§ **DATA TO PROCESS**:
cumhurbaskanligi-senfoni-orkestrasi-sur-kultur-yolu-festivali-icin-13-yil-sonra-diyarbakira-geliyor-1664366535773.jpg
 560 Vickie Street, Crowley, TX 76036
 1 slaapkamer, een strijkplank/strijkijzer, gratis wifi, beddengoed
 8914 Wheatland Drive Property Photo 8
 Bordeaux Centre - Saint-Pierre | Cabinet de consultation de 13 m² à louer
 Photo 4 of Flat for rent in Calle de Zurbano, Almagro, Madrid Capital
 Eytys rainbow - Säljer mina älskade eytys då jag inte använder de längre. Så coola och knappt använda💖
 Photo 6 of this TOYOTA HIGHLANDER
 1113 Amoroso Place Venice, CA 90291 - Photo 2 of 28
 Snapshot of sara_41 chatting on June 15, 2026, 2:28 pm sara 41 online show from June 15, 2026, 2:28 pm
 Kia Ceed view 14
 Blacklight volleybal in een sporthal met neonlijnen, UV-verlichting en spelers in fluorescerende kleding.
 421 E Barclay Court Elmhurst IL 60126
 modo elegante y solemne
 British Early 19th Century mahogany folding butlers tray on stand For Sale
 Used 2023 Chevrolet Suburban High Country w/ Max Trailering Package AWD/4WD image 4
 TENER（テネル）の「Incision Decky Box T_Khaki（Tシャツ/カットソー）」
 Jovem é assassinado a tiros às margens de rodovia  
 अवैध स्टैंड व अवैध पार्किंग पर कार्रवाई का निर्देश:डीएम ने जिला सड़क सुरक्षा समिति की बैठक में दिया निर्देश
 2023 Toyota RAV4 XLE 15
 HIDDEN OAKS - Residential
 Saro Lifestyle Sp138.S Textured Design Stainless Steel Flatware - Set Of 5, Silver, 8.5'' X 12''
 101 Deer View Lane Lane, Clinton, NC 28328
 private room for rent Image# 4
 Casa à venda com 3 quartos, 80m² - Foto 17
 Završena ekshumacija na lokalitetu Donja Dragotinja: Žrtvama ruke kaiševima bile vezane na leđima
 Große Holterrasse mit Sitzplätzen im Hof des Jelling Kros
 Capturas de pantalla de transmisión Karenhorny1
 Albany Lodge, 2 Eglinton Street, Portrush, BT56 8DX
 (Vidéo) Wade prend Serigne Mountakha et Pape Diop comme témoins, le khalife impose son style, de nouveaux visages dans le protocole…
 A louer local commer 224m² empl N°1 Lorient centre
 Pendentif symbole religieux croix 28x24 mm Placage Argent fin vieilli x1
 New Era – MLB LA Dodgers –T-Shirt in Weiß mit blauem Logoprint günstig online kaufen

§ **ACTIVITY**: Your task is to copy every line of the entries that contains the string "online".

§ **SOLUTION FOR THIS TASK**:
 Snapshot of sara_41 chatting on June 15, 2026, 2:28 pm sara 41 online show from June 15, 2026, 2:28 pm
 New Era – MLB LA Dodgers –T-Shirt in Weiß mit blauem Logoprint günstig online kaufen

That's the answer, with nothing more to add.